- **Task directions**:
Copy, exactly as written, the lines that begin at the one containing "Enriched Light Orange" and end at the one containing "community relations manager". Skip any pictures in the data below.
┌─ Given data
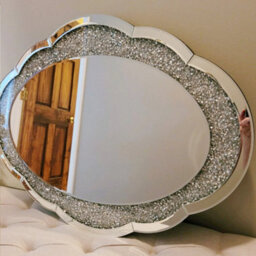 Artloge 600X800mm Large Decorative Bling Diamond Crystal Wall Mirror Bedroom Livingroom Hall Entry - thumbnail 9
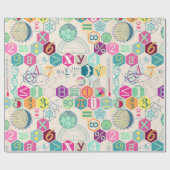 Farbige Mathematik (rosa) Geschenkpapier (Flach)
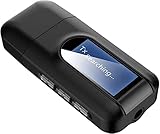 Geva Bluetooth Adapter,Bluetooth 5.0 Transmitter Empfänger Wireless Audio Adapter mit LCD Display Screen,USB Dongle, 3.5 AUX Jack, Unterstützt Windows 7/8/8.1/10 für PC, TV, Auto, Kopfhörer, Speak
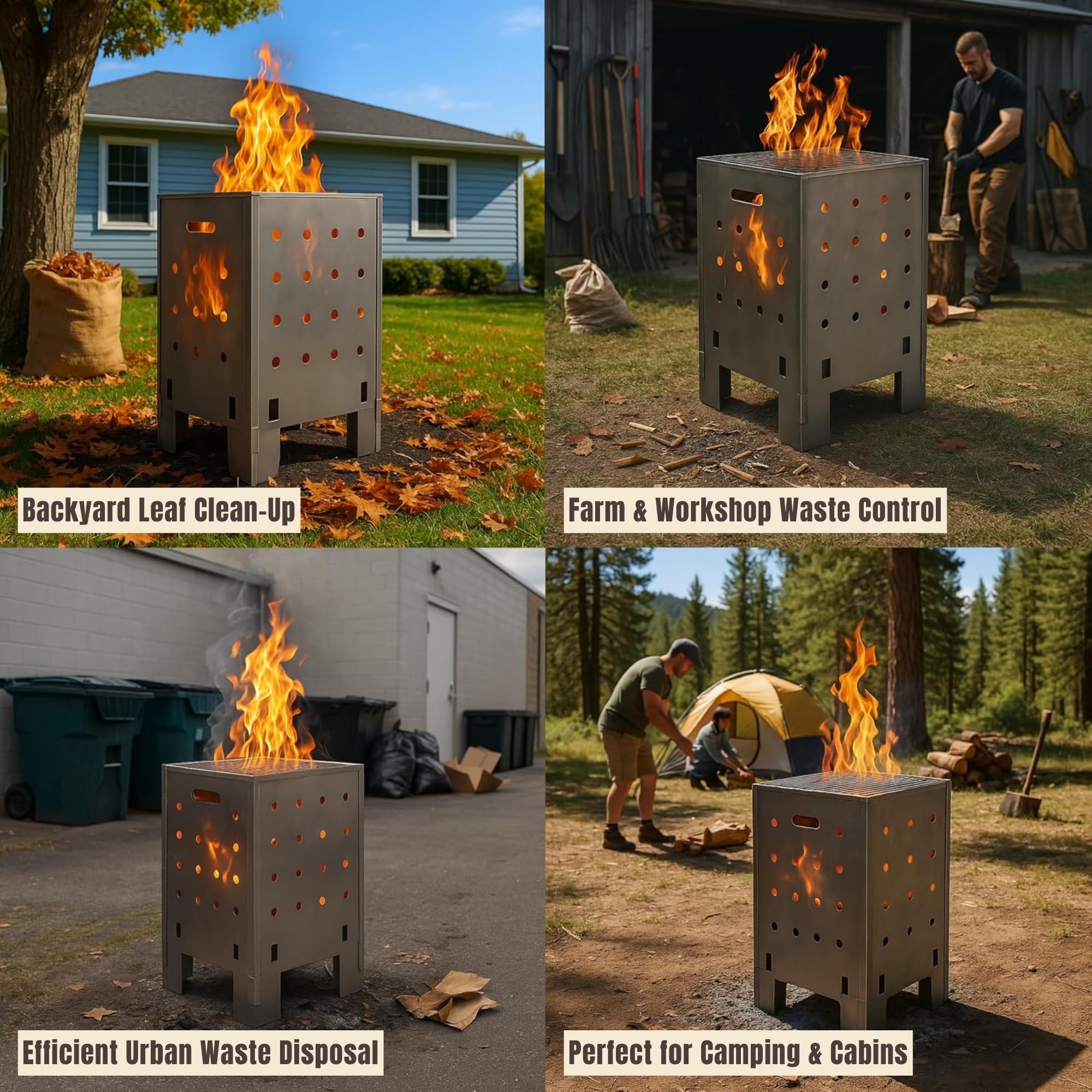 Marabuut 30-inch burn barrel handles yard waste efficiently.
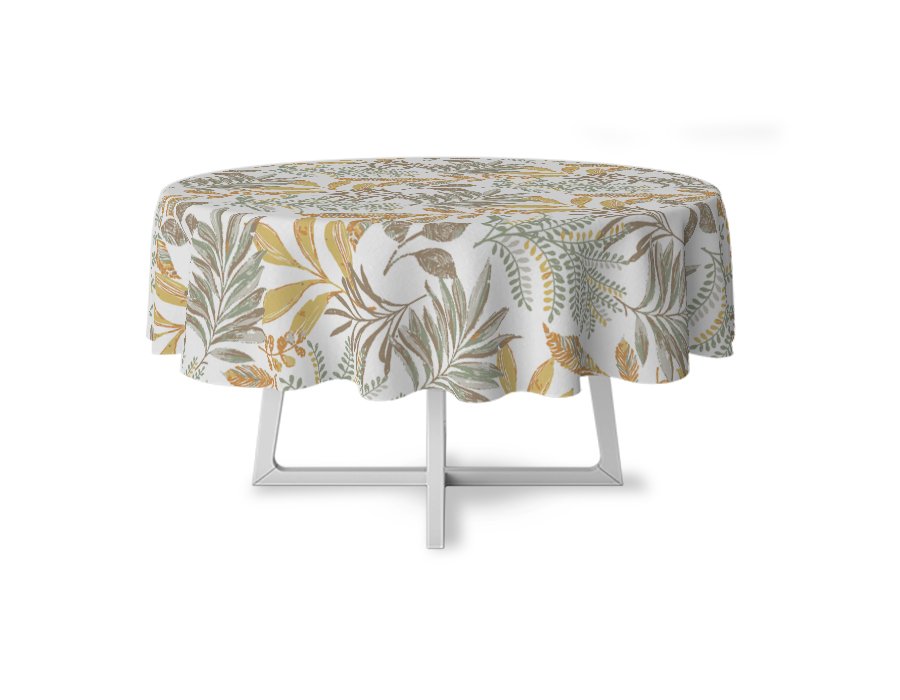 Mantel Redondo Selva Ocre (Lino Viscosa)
└─
┌─ Given data
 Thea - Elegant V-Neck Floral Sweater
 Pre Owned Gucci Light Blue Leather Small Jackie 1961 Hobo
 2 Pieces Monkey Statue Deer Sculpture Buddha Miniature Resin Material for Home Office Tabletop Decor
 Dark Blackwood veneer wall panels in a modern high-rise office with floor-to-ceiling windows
└─
┌─ Given data
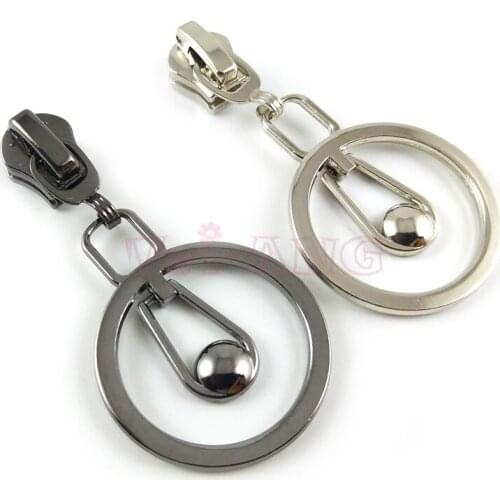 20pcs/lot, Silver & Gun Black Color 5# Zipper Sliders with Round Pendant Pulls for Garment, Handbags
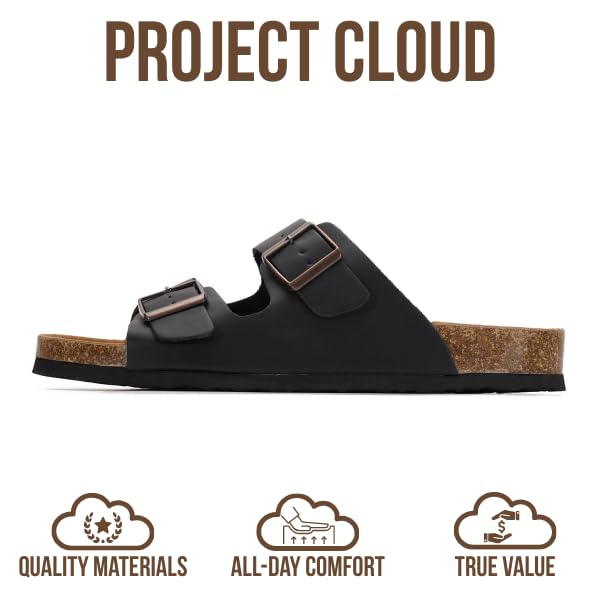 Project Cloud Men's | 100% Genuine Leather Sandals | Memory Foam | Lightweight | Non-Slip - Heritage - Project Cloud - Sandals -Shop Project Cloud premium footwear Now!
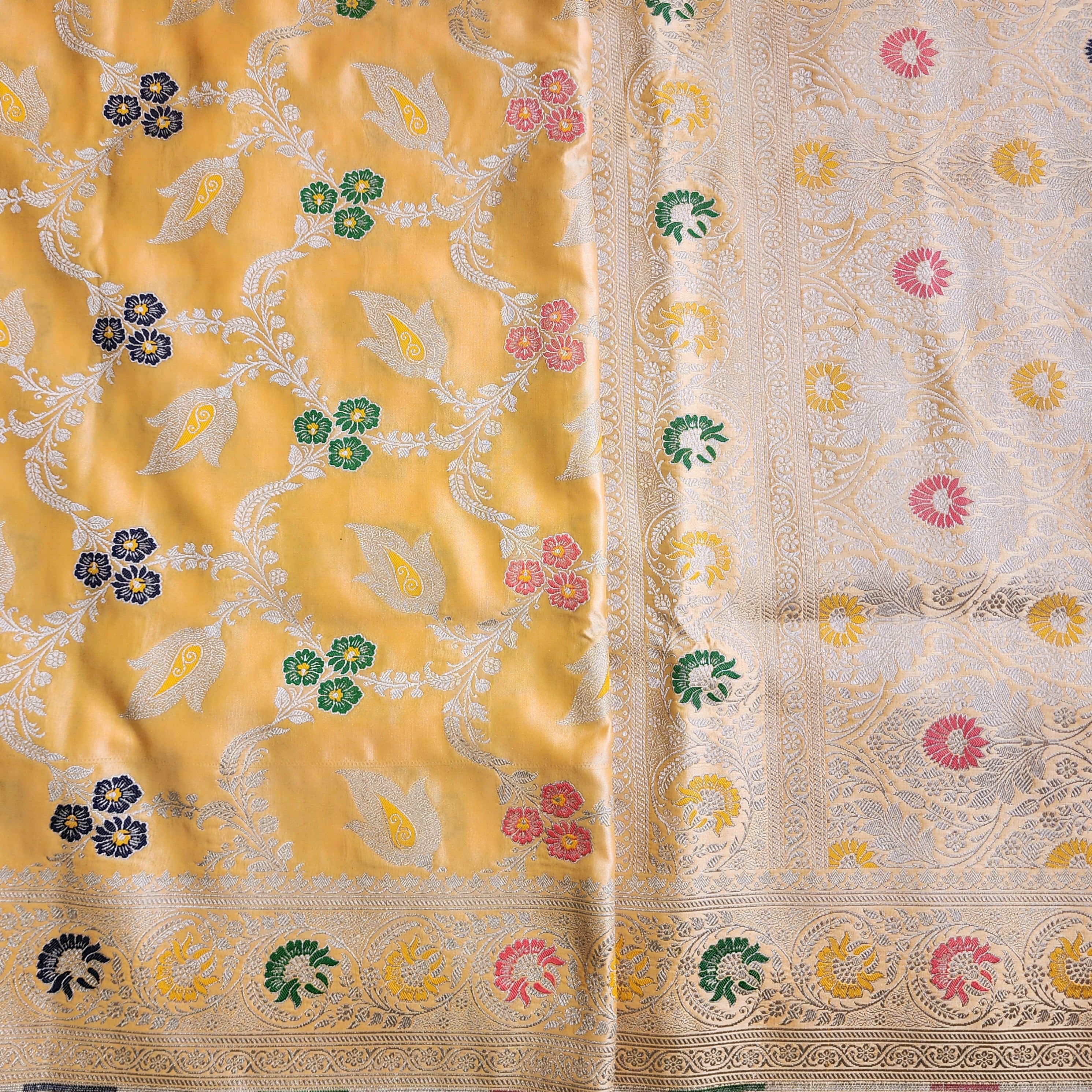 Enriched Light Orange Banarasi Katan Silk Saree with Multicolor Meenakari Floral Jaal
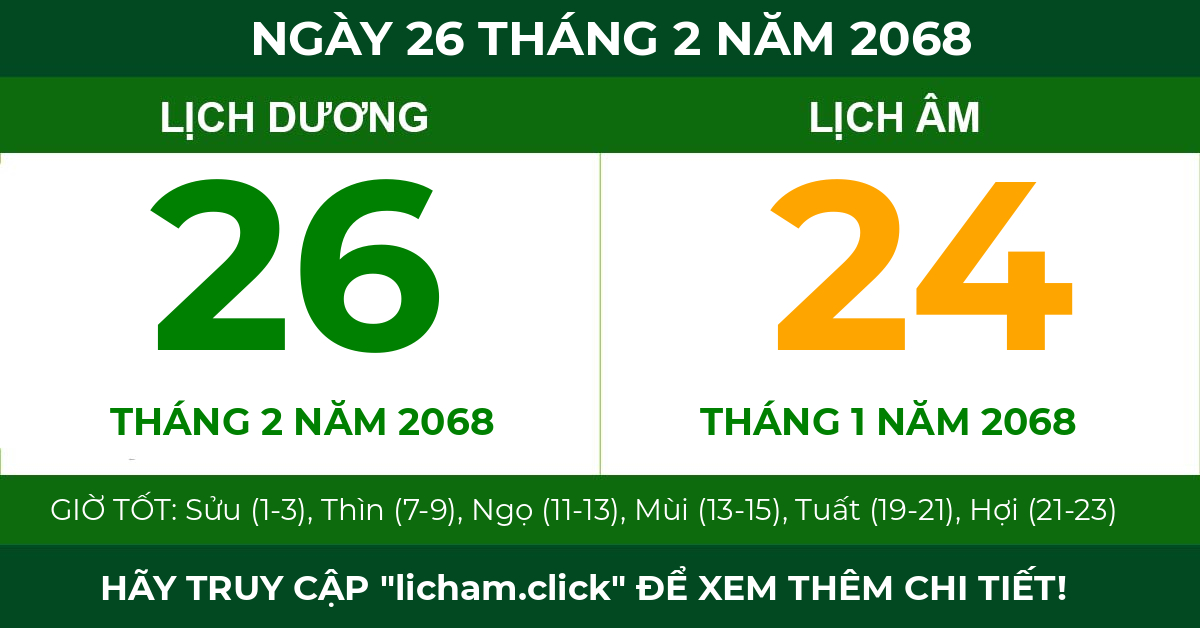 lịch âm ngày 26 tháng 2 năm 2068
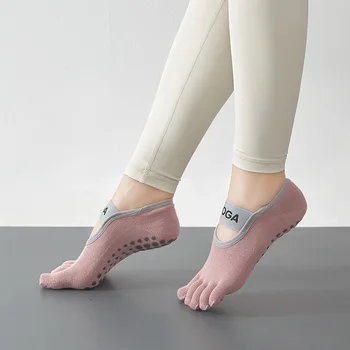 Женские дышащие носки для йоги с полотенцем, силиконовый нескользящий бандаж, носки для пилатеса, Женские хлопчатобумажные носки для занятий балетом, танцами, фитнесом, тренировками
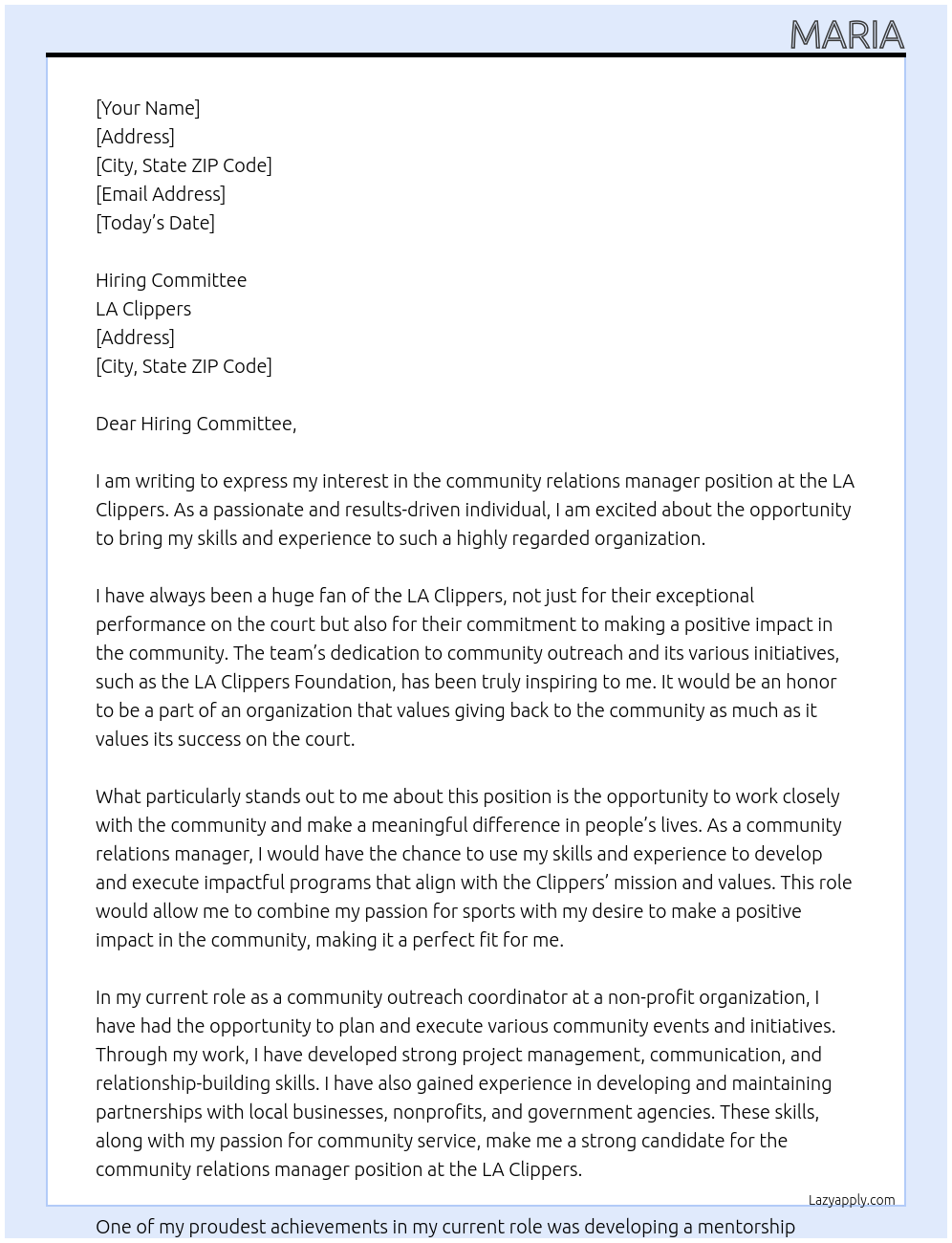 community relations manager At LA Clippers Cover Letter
└─
- **Task response**:
 Enriched Light Orange Banarasi Katan Silk Saree with Multicolor Meenakari Floral Jaal
 lịch âm ngày 26 tháng 2 năm 2068
 Женские дышащие носки для йоги с полотенцем, силиконовый нескользящий бандаж, носки для пилатеса, Женские хлопчатобумажные носки для занятий балетом, танцами, фитнесом, тренировками
 community relations manager At LA Clippers Cover Letter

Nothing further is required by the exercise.